Every line of the data below should be retyped exactly, with no images carried over.

Image-caption web data:
****************************************

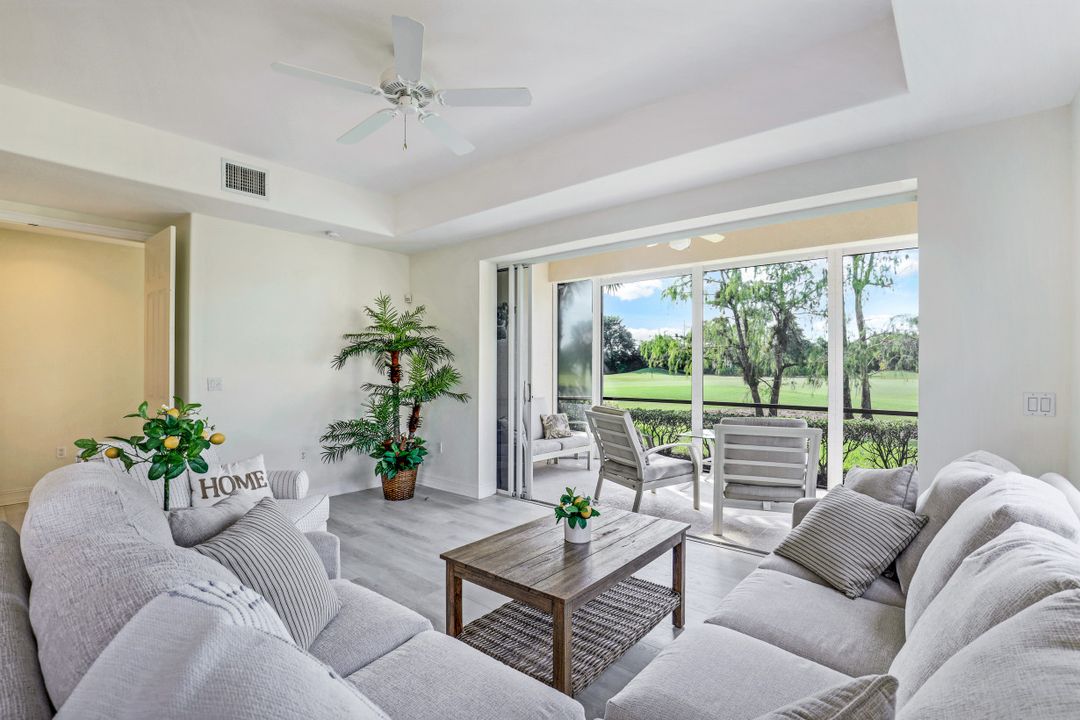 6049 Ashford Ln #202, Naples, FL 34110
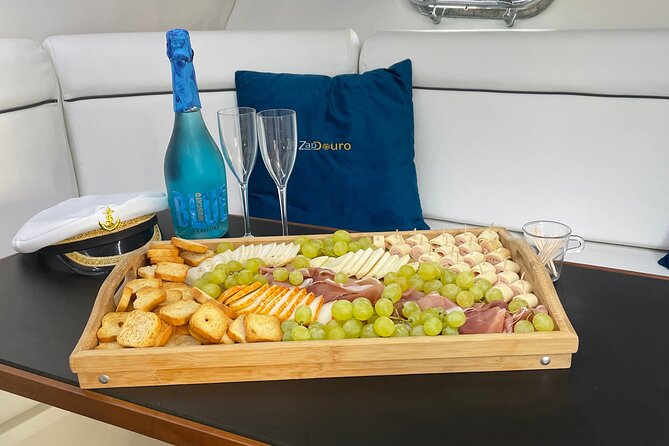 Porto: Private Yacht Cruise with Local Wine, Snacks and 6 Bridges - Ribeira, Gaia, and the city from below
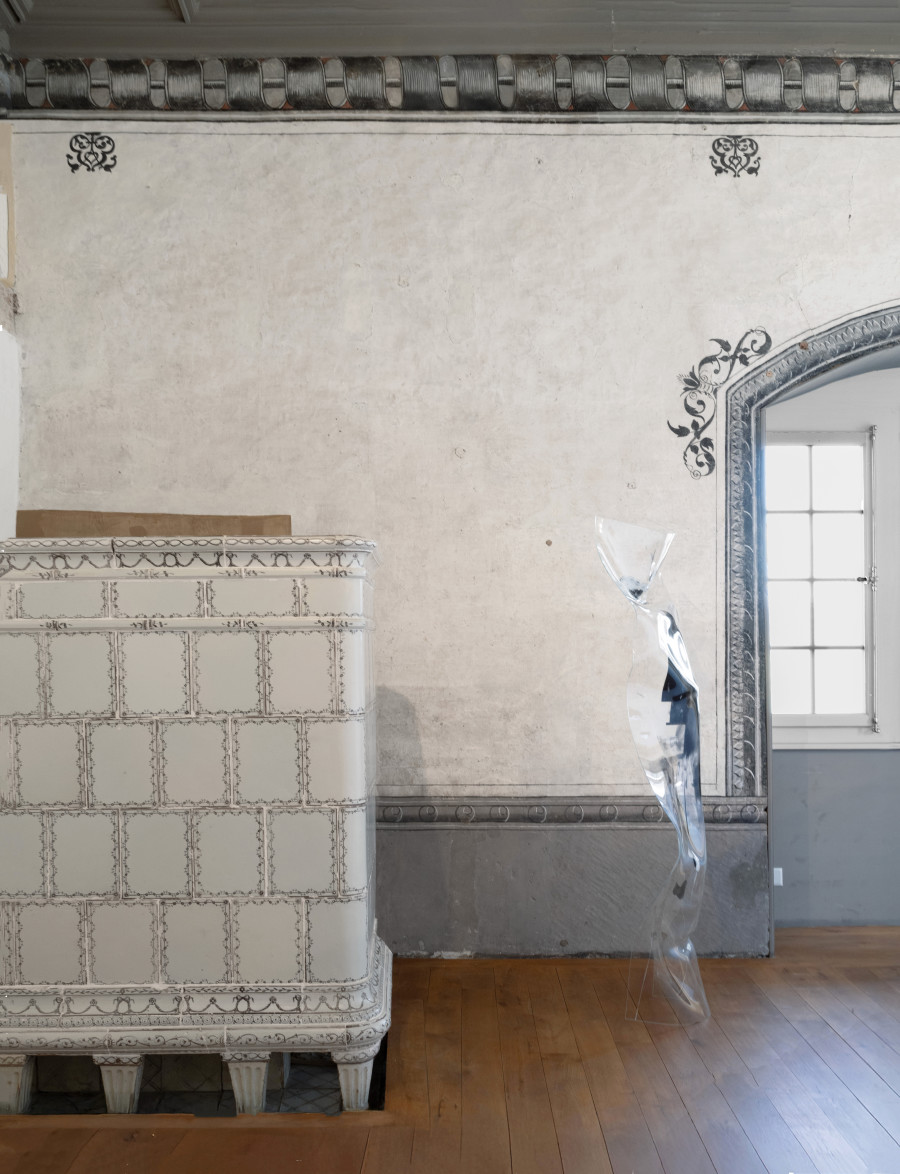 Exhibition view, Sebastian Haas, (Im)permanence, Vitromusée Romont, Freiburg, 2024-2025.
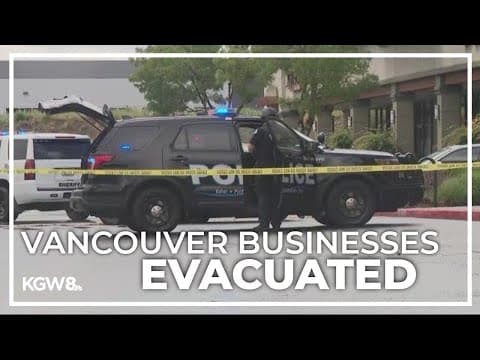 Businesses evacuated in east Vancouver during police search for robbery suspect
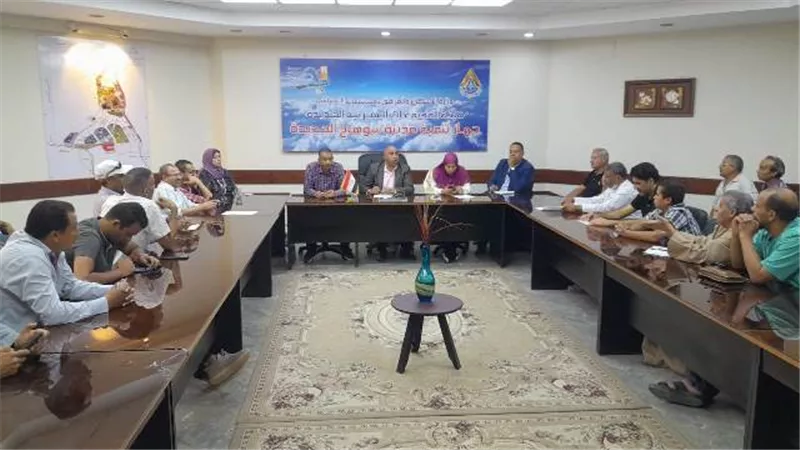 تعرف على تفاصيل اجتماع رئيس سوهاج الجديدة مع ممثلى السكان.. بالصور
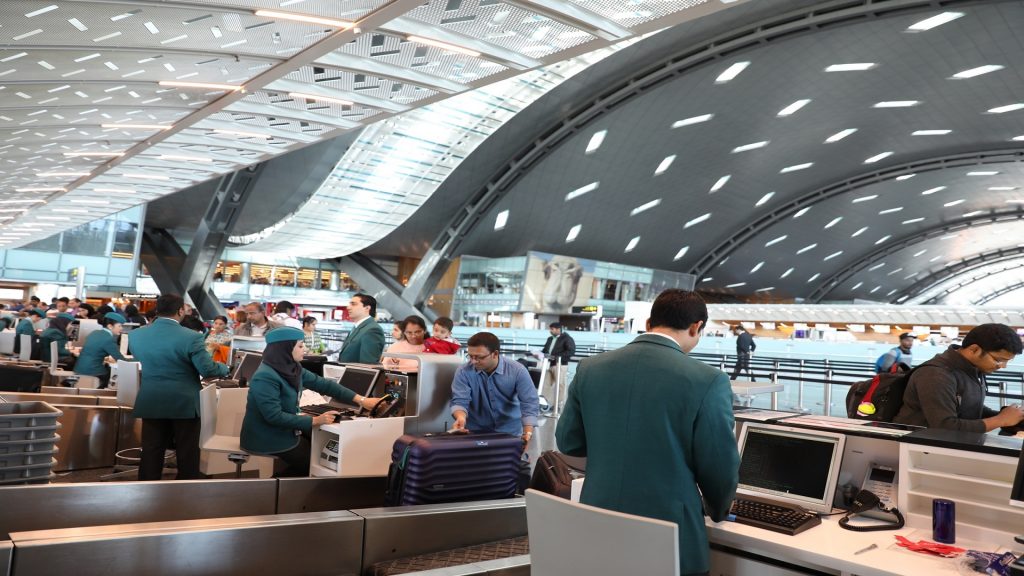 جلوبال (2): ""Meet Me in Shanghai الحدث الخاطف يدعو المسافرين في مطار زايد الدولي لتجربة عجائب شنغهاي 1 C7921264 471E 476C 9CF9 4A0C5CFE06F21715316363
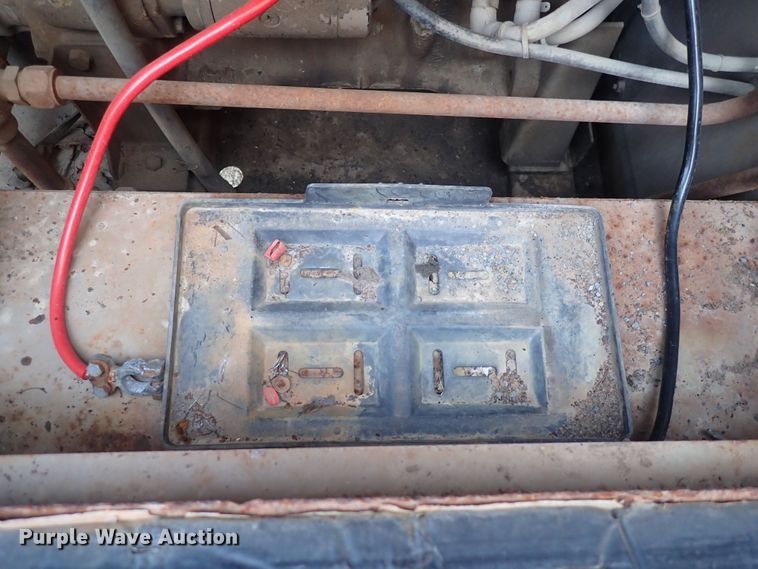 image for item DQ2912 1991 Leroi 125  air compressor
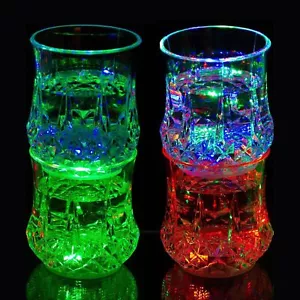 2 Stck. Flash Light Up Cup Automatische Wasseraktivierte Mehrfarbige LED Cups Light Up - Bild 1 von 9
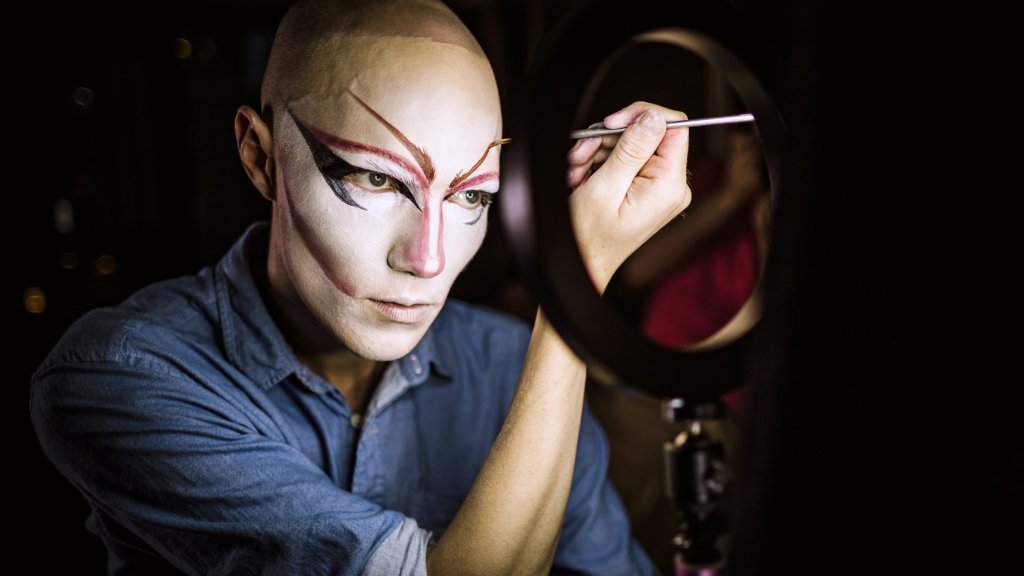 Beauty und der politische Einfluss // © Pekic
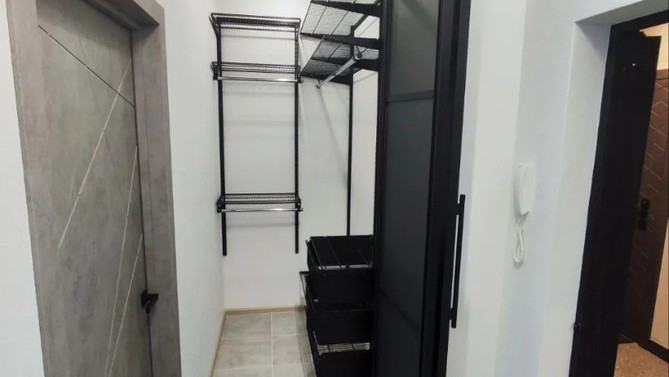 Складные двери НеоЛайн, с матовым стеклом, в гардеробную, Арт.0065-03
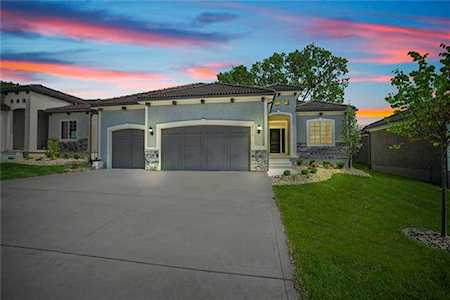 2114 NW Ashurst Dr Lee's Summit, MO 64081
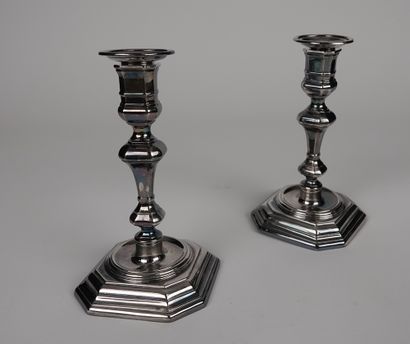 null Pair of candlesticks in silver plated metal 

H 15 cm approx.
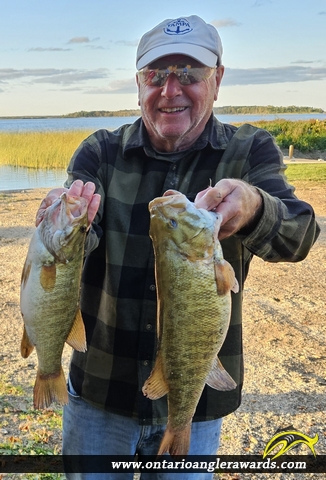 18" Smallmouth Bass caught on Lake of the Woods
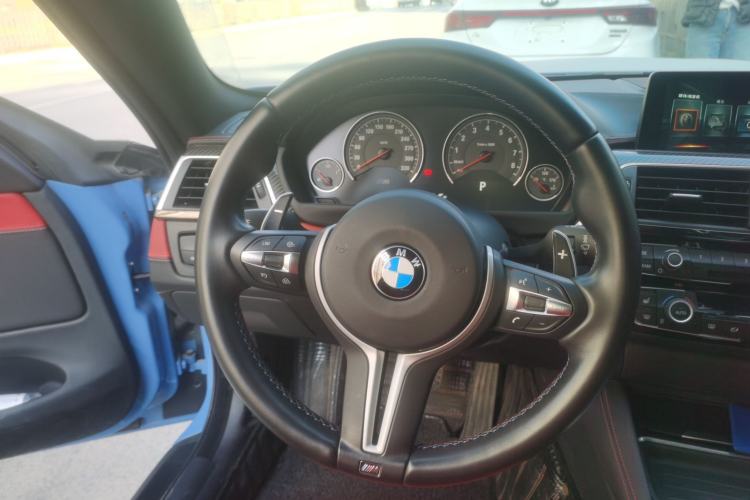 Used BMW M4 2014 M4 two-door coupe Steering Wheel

****************************************

> [Reply to the task]:
 6049 Ashford Ln #202, Naples, FL 34110
 Porto: Private Yacht Cruise with Local Wine, Snacks and 6 Bridges - Ribeira, Gaia, and the city from below
 Exhibition view, Sebastian Haas, (Im)permanence, Vitromusée Romont, Freiburg, 2024-2025.
 Businesses evacuated in east Vancouver during police search for robbery suspect
 تعرف على تفاصيل اجتماع رئيس سوهاج الجديدة مع ممثلى السكان.. بالصور
 جلوبال (2): ""Meet Me in Shanghai الحدث الخاطف يدعو المسافرين في مطار زايد الدولي لتجربة عجائب شنغهاي 1 C7921264 471E 476C 9CF9 4A0C5CFE06F21715316363
 image for item DQ2912 1991 Leroi 125  air compressor
 2 Stck. Flash Light Up Cup Automatische Wasseraktivierte Mehrfarbige LED Cups Light Up - Bild 1 von 9
 Beauty und der politische Einfluss // © Pekic
 Складные двери НеоЛайн, с матовым стеклом, в гардеробную, Арт.0065-03
 2114 NW Ashurst Dr Lee's Summit, MO 64081
 null Pair of candlesticks in silver plated metal 

H 15 cm approx.
 18" Smallmouth Bass caught on Lake of the Woods
 Used BMW M4 2014 M4 two-door coupe Steering Wheel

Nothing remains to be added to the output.